Jimmy Swaggart contemplaba los encontronazos de su primo con la ley y la manera en que le resultaba imposible adaptarse a cualquier concepto de vida convencional, y decidió que tenía que apartarse de aquella senda de pecado. Se volcó de lleno en la religión y llegó incluso a rechazar una oferta de la discográfica Sun Records, que quiso ficharlo en la misma época en que Jerry Lee estaba empezando a darse a conocer. Swaggart no quiso sumarse al carro de la explosión comercial del rock & roll y se dedicó a interpretar gospel a mayor gloria del Señor. Por aquel entonces únicamente conseguía unos veinte dólares a la semana tocando música cristiana, mientras que Jerry Lee, la oveja descarriada de la familia, ya estaba ganando veinte mil semanales. Esto es, mil veces más dinero que él. Pero Jimmy no quería seguir los pecaminosos pasos de su primo ni siquiera por toda esa cantidad.

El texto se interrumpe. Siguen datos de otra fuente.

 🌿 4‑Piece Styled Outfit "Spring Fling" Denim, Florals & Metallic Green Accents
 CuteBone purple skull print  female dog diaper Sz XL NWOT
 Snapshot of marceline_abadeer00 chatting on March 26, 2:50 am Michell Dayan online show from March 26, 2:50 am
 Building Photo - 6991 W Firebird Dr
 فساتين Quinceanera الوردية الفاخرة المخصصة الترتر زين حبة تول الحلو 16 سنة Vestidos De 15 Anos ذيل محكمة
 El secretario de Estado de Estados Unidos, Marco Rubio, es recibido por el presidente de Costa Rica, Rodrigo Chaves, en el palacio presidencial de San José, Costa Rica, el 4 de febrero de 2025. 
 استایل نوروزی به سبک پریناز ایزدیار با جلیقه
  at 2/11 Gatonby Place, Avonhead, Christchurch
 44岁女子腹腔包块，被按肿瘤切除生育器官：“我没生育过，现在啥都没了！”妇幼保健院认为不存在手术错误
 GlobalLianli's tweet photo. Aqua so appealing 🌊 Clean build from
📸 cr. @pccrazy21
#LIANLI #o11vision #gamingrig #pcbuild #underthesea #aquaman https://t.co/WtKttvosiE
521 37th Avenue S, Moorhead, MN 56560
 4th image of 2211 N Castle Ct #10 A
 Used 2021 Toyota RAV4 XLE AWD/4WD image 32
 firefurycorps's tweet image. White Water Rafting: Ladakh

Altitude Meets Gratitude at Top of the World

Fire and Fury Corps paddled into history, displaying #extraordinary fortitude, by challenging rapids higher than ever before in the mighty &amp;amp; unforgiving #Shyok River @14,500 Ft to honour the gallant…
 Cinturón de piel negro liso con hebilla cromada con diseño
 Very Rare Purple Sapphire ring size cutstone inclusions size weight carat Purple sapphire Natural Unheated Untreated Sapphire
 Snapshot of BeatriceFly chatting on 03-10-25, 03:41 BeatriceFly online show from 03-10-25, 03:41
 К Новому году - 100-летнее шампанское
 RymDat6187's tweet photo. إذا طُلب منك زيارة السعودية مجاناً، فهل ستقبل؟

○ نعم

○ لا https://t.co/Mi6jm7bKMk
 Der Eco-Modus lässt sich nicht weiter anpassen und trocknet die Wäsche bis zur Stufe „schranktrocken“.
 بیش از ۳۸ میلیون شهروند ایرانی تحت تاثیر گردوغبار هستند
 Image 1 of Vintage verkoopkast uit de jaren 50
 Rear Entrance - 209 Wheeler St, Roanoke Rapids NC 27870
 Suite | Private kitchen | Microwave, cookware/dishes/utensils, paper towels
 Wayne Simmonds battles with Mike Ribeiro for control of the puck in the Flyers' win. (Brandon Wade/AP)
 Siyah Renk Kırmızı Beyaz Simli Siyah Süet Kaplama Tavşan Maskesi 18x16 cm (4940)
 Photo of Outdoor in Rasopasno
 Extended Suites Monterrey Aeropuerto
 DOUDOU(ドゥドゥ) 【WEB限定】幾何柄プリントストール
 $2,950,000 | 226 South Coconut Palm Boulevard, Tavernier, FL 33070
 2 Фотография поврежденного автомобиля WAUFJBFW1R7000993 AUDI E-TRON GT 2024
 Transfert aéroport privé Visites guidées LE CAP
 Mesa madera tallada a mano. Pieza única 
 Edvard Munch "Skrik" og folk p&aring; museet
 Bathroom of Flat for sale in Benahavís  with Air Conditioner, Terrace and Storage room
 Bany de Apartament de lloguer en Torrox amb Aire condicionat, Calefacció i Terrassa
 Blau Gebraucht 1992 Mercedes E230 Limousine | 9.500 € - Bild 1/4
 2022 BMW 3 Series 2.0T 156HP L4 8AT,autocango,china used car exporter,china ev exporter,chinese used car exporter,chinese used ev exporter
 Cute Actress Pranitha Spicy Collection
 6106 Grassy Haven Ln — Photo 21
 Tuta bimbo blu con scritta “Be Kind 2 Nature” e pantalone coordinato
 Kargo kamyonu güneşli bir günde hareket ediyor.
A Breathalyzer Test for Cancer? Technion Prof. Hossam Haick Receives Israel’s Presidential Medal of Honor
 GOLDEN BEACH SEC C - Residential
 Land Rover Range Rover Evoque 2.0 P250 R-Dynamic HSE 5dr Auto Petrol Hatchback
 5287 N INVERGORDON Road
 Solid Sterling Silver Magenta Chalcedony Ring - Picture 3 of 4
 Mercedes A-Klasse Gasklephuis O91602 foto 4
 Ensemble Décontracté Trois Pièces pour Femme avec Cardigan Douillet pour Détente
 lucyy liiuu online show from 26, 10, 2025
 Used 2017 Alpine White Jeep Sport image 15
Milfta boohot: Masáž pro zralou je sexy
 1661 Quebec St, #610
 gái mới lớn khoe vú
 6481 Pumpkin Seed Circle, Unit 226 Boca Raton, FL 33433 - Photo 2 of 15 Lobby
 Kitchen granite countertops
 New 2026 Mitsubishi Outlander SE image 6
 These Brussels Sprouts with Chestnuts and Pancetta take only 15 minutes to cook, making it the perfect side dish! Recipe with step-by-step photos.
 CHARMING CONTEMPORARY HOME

Claro que había otras formas de ganar dinero en el Bible Belt: en el sudeste de los EE. UU. estaba muy extendido un evangelismo ultraconservador bastante propenso a producir figuras mesiánicas. Mientras Jerry Lee Lewis se hacía famoso interpretando canciones “diabólicas” como su Great balls of fire o viejos temas blues que habían aprendido juntos, Jimmy Swaggart se sentaba al piano para grabar su música religiosa, confiado en haber tomado la senda indicada. Sus caminos se habían separado, pero además de la habilidad para la música tenían más rasgos en común. Como Jerry Lee, también Jimmy era carismático y sabía cómo dirigirse a un público desde el escenario. Poseía una muy marcada personalidad y mucha facilidad de palabra, así que no tardó en levantarse del piano para empezar a dar sermones como había hecho su padre. Y descubrió que se le daba bien. Era un tipo convincente. Tenía una gran presencia: alto, fornido, de sonrisa confiada y actitud asertiva: como un Tony Soprano de los predicadores que utilizase su aura de sólida autoconfianza para transmitir sus mensajes y ofrecer seguridad a sus oyentes. Fuera del púlpito era cercano, amistoso, campechano y de risa sonora y franca. Alguien que podía inspirar confianza.